This is a quick primer on how to write good bug reports.
Before you write a bug report, make sure you know what you're reporting.
The basic pattern is to describe each of the following:
- What you did (the actions)
- What the program did (the behavior)
- What you expected it to do (the expectation)
- Everything that might have affected the behavior (the environment)
It's amazing how often people assume that a developer knows one of these three things or even just says "this program doesn't work for me". Details, please.
Also, please report if this happened once or if this happens every time. It's much harder to debug something that doesn't happen every time.
Details of the bug report sections
Tell me what you did. Exactly. Don't say "I ran the program", say "I used the command line
program -with some args exactly.
Tell me what the program did. People often leave this out. Yes, yes, it's really good that I know you wanted the program to make your eggs over-easy but it really helps when I know that it burned down your house instead.

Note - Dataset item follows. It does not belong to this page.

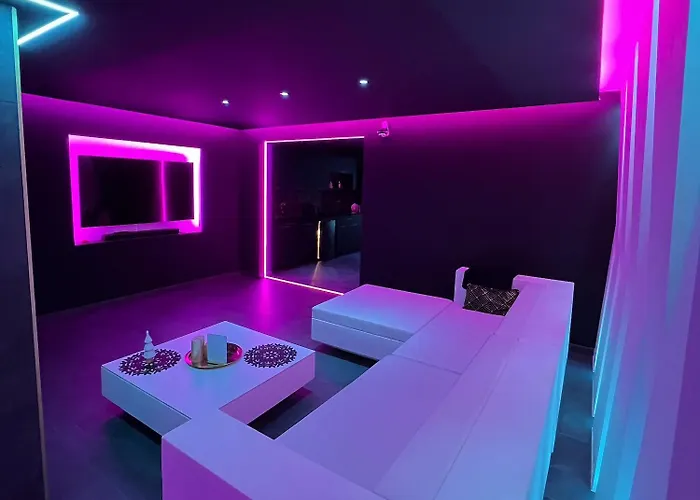 Suite Privee Romantique - Jacuzzi & Hammam Bonneville  zdjęcie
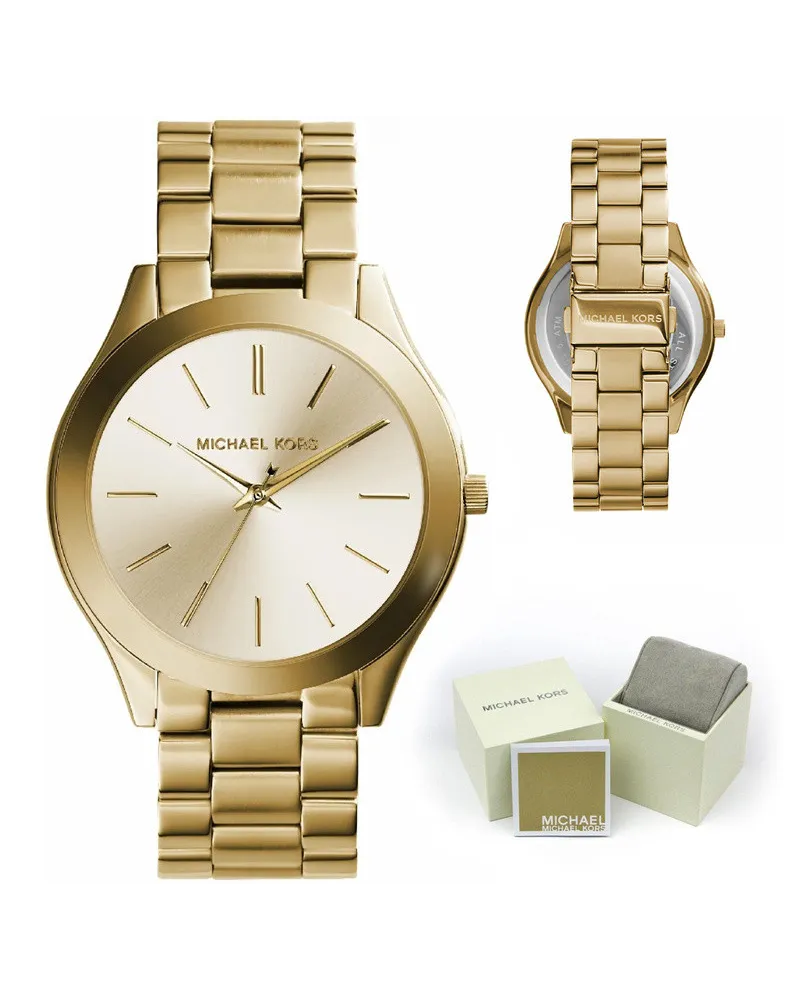 ZEGAREK DAMSKI MICHAEL KORS MK3179 - SLIM RUNWAY (zm500f)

The flip side of the behavior: Yes, the program burned down your house, but what did you expect the "-torch-dwelling" option to do? Oh, you expected it to torch your neighbor's house. Darn. My bad.
I need to know what you wanted it to do -- sometimes this points to a flaw in my own thinking or in my documentation.

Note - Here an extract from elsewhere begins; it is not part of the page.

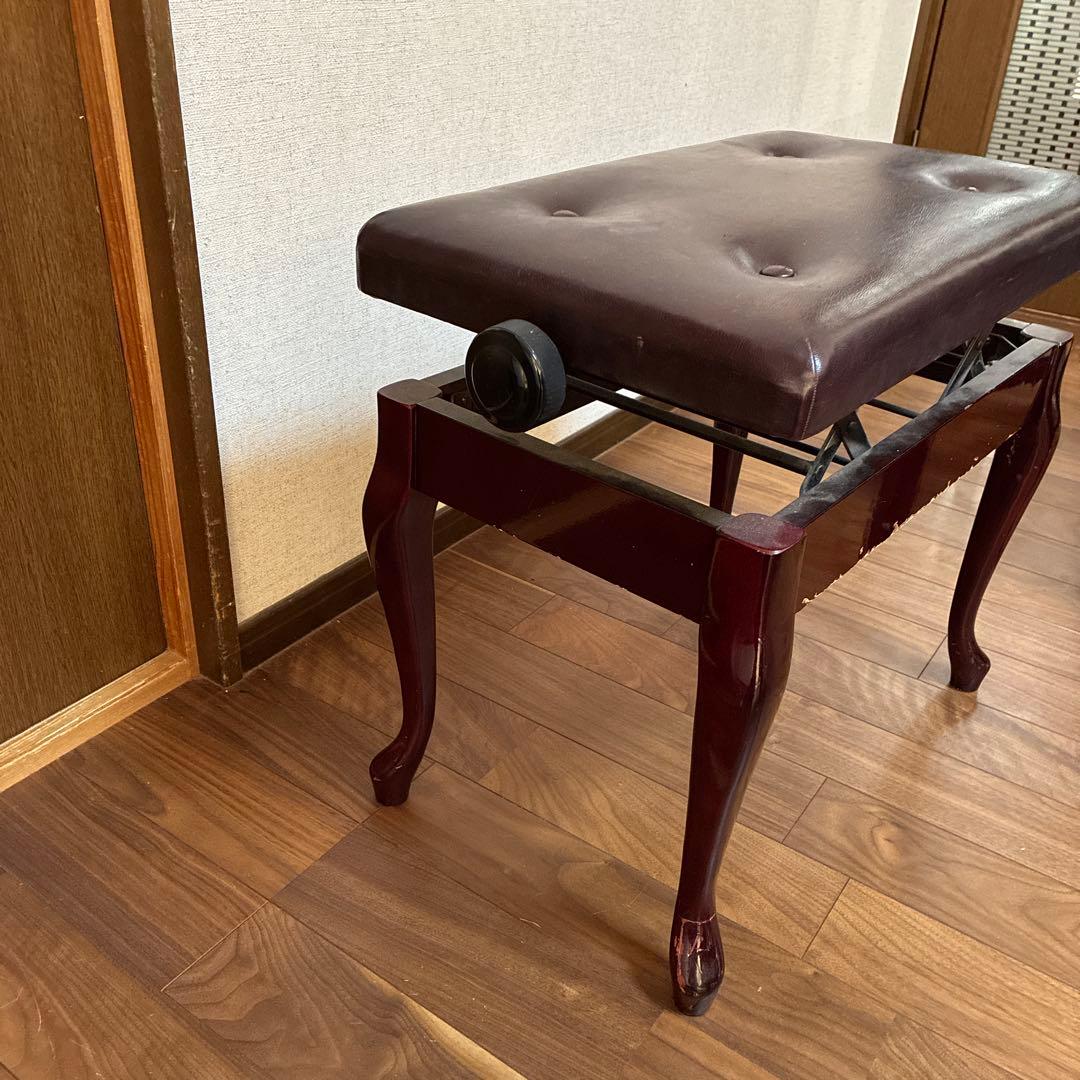 〔中古〕EＭPERORアップライトピアノ ダークウッド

Here's the tricky one -- I need to know everything that might have affected the run. At the very least:
- What version of the program were you running
- What platform (OS, version, patches) were you running it on.
Other things might be good to know. For example, if the program has an external dependency (such as the rsync-backup program does) then I need to know about that dependency (e.g. the version number of rsync.)
Beyond that it's a judgement call. For example, I normally don't care about what type of file system it's running on, unless you do some experiments and find out that type of file system matters. I also don't usually care about how big the file system is or how much RAM you have -- except when you're at 0% free space.